Cant use while loop because it is taking time is there any way faster way to get the final file..in linux

Question

cat file_1.txt

100 200 name

100 200

100 200

150 300

150 300

150 250

150 250

150 300 name


final file should be 

150 300

150 300

150 250

150 250

i am using this command

cat file_1.txt | grep -v "name">file_2.txt; cat file_2.txt| while read line;do cat file_1.txt| grep "$line"| head -1|grep -v "name" ;done

but data is too much cant use while loop it is taking to much time cat use while loop . is there any other way to do it fast like using "grep -vf file_1 file_2" something like that By passing like that . please let me know.

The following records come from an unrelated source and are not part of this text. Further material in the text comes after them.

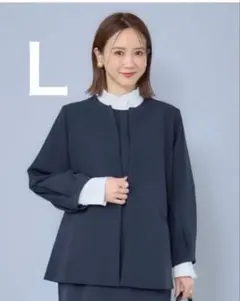 しまむら 田中里奈　mysa ランタンスリーブジャケット　ネイビー　L　新品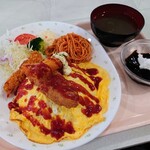 札幌開発建設部食堂 - ハントンライスプレート①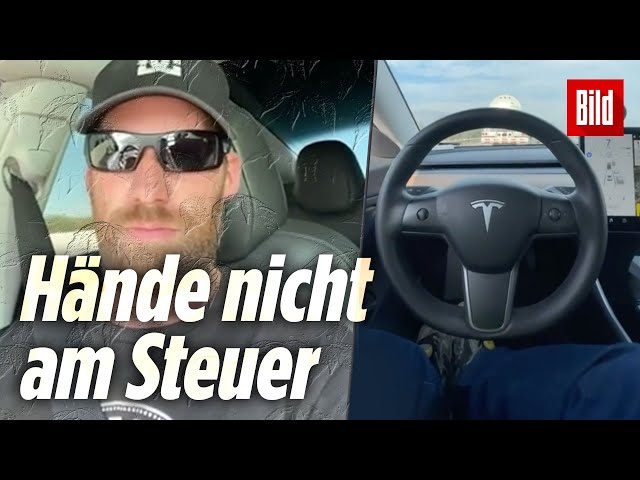 Video: Gestrandeter Tesla-Fahrer bittet Helfer um Benzin >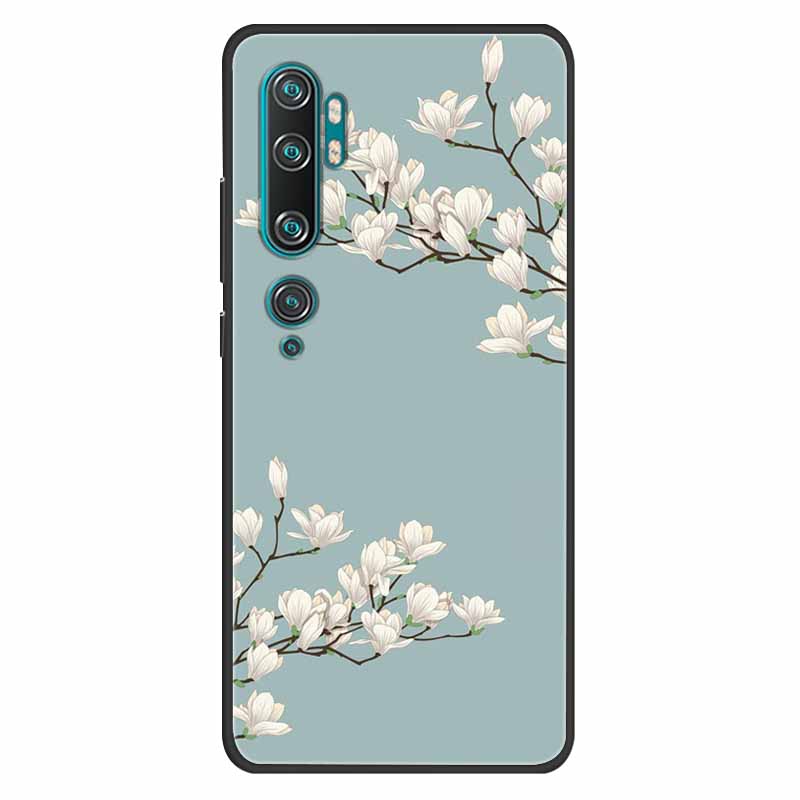 For Xiaomi Mi Note 10 Case Silicone Soft Owl Lion TPU Fashion Back Cover For Xiaomi Mi Note10 Cases Protective Printed Covers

here i am using the logic of getting the top most line of pattern found pattern is every line of "file_1.txt"

Answer 1

It appears to me that your code is printing out every line of file_1.txt unless either (a) the line contains name or (b) the first two columns of the line are the same as a previous line that contained name. In that case, try:

$ awk '/name/{bad[$1,$2];next} !(($1,$2) in bad)' file_1.txt 
150 300
150 300
150 250
150 250

How it works

• /name/{bad[$1,$2];next}

  If the current line contains name, then we add an entry to the associative array bad under the key of the first two columns. We then skip the rest of the commands and jump to start over on the next line.

• !(($1,$2) in bad)

  If the first two columns of the current line, $1,$2 are not among the keys of bad, then print this line.